Lots of data + HierarchyId performanceproblems

  • I've got a table with about 60,000 records that contain data that relates to eachother using a HierarchyId (builds as a treestructure). Each post has a "status"-field which tells if the row is active or nonactive.

    I've got a query that wants to get all posts from this table, with the exception of posts that have status="inactive" parents somewhere in the tree above themselves.

    The trouble is performance, it takes about 4 minutes or more to get the result. I've tried experimenting a little bit with indexes but no luck (some indexes only works good when I use smaller amounts of data, TOP 1000 for example, with the full table it become slower).

    Hints anyone?

    SELECT Id FROM MyTable bo
    WHERE NOT EXISTS
    (SELECT Id FROM MyTable parentBO
    WHERE Status = 'Inactive'
    AND bo.Hierarchy.IsDescendantOf(parentBO.Hierarchy) = 1)

     

     

  • Can you post the CREATE TABLE statement for the table, please?
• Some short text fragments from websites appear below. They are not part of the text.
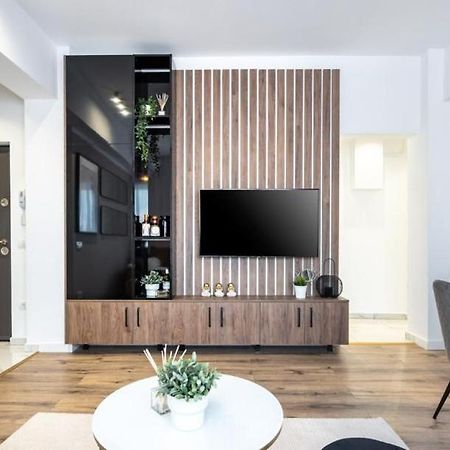 Majestic Apartament With View In Magheru Bucarest Extérieur photo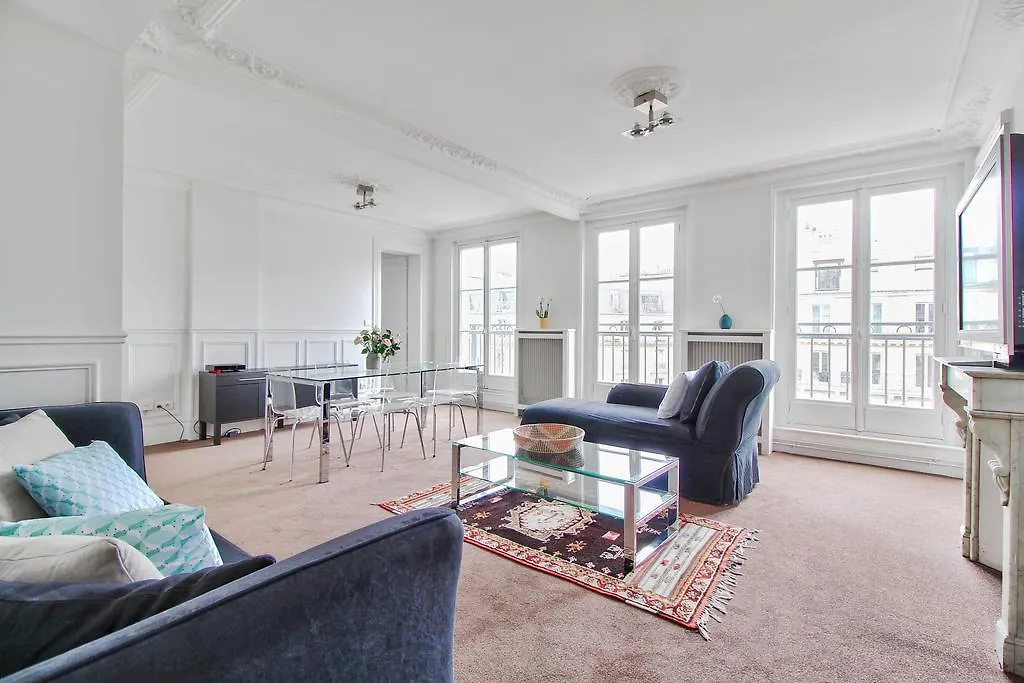 Trudaine - Montmartre Apartment *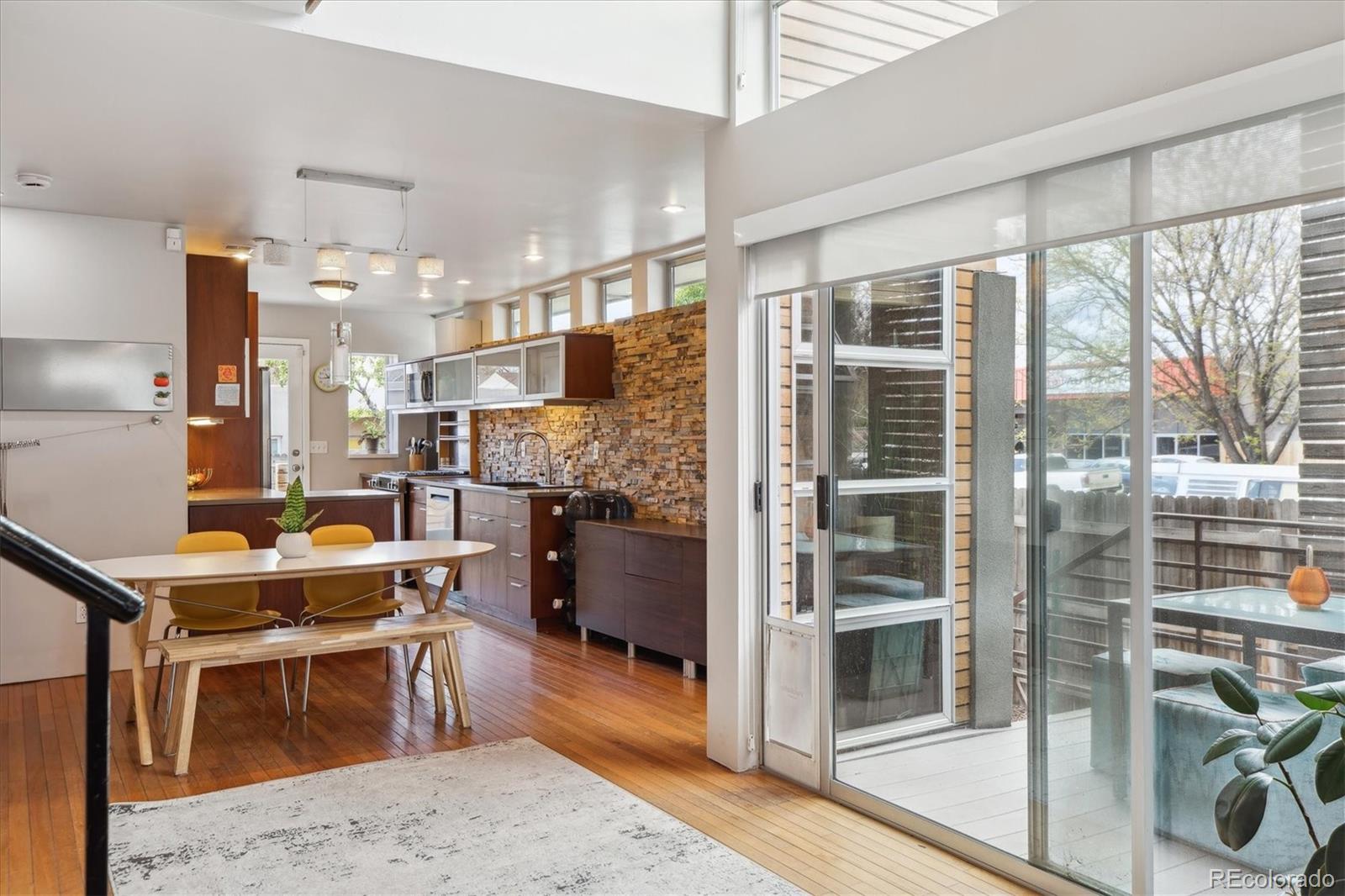 MLS Image #6 for 190 w archer place,denver, Colorado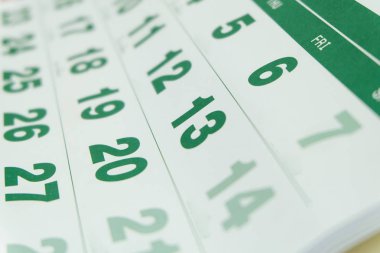 14 tarihinde işaretleme closeup el pembe tonda Şubat Sevgililer günü.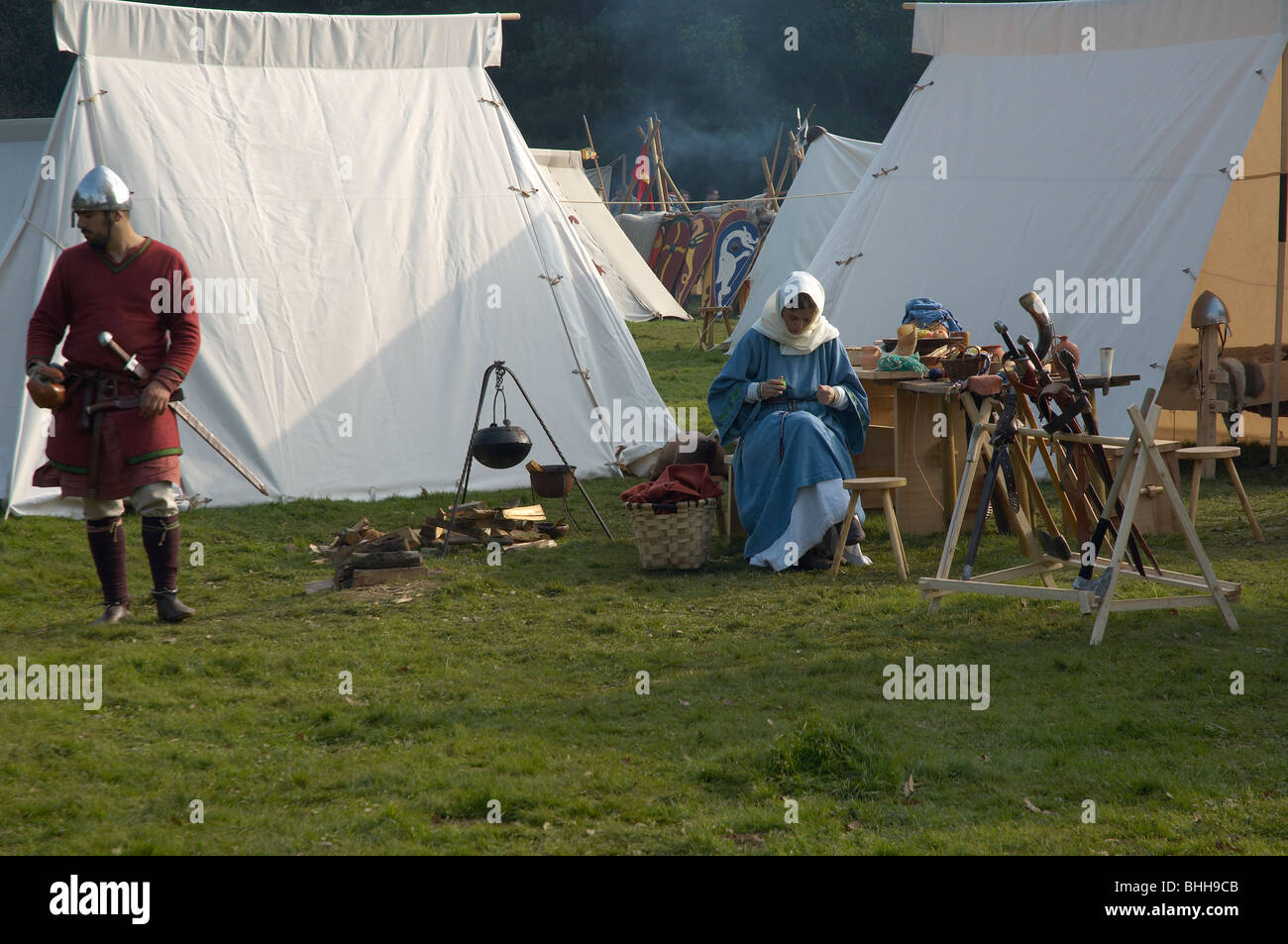 Battaglia hastings rievocazione norman uomo lady PT Foto Stock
I might have a time-saving idea for you if the structure is right for it.

    --Jeff Moden


    RBAR is pronounced "ree-bar" and is a "Modenism" for Row-By-Agonizing-Row.
    First step towards the paradigm shift of writing Set Based code:
    ________Stop thinking about what you want to do to a ROW... think, instead, of what you want to do to a COLUMN.

    Change is inevitable... Change for the better is not.


    Helpful Links:
    How to post code problems
    How to Post Performance Problems
    Create a Tally Function (fnTally)

  • Here it is. I've removed lots of other columns that's not relevant.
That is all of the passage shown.